Where an entry below contains an image, skip the image and copy the rest exactly.

━━━━━━━━━━

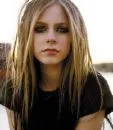 AvriL LavignE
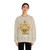 Greater imperial coat of arms of Germany - Crewneck Sweatshirt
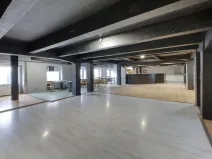 Pronájem obchodního prostoru, Chodov, Tovární, 198 m2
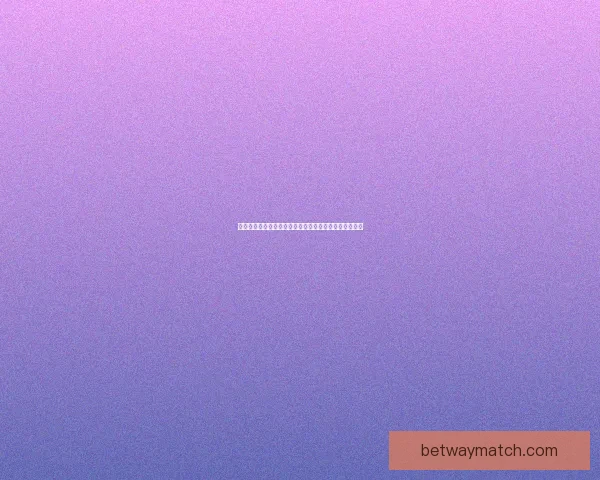 世界杯精彩赛事全解析与投注技巧指南助你稳准赢取大奖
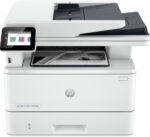 Impresora HP M4103fdw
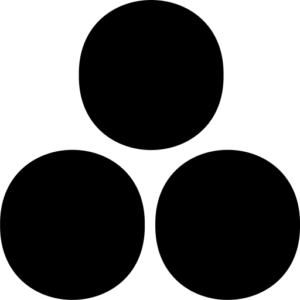 Logo Bär Zollagentur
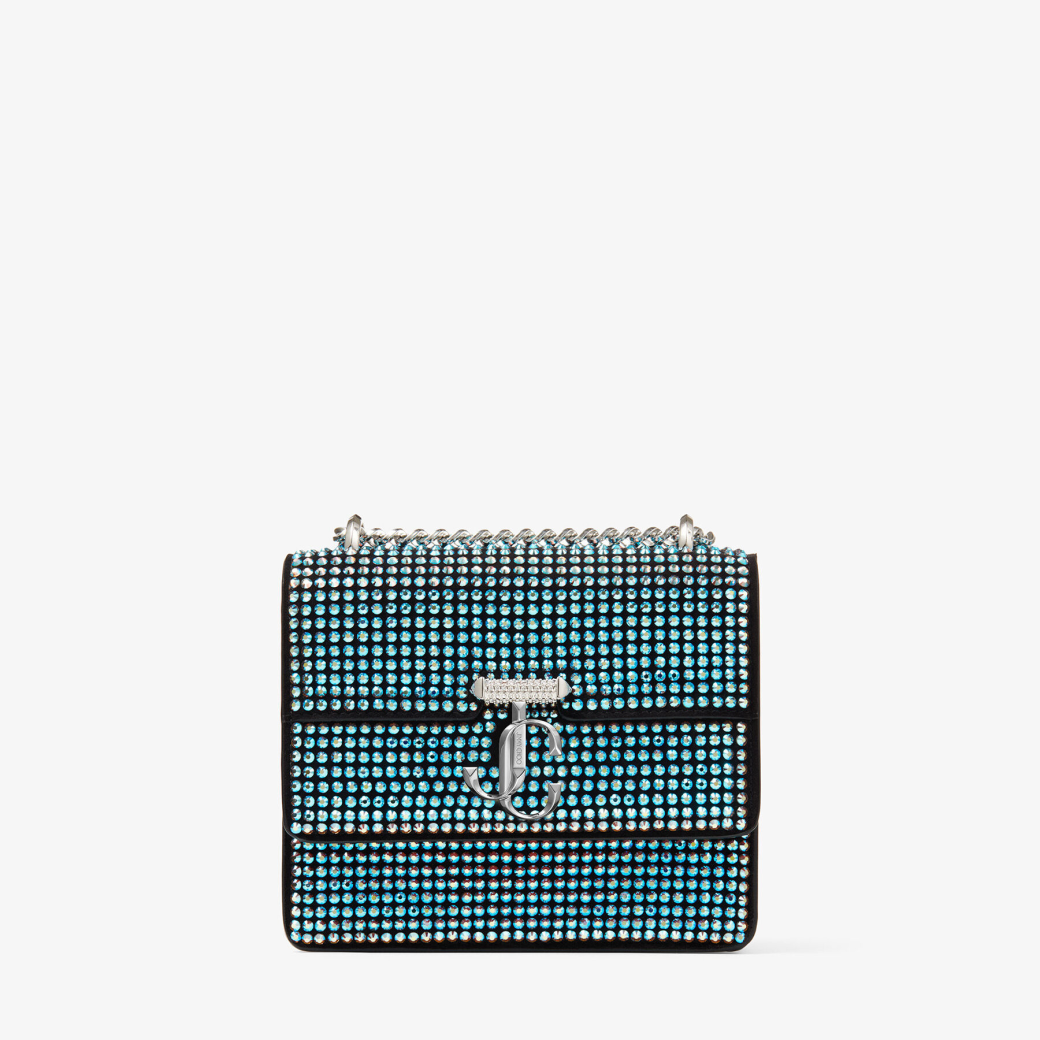 Jimmy Choo アヴェニュークアッド XS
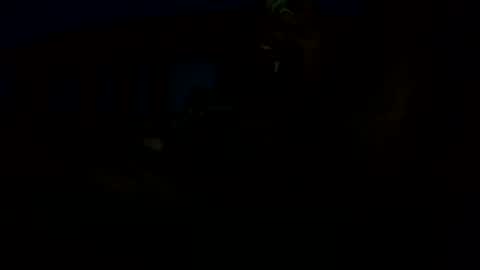 ryan_697 online show from 01.28.25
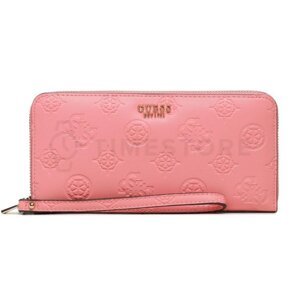 Guess Galeria SWPG87 47460-PIN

━━━━━━━━━━

» **Result of this exercise**:
 AvriL LavignE
 Greater imperial coat of arms of Germany - Crewneck Sweatshirt
 Pronájem obchodního prostoru, Chodov, Tovární, 198 m2
 世界杯精彩赛事全解析与投注技巧指南助你稳准赢取大奖
 Impresora HP M4103fdw
 Logo Bär Zollagentur
 Jimmy Choo アヴェニュークアッド XS
 ryan_697 online show from 01.28.25
 Guess Galeria SWPG87 47460-PIN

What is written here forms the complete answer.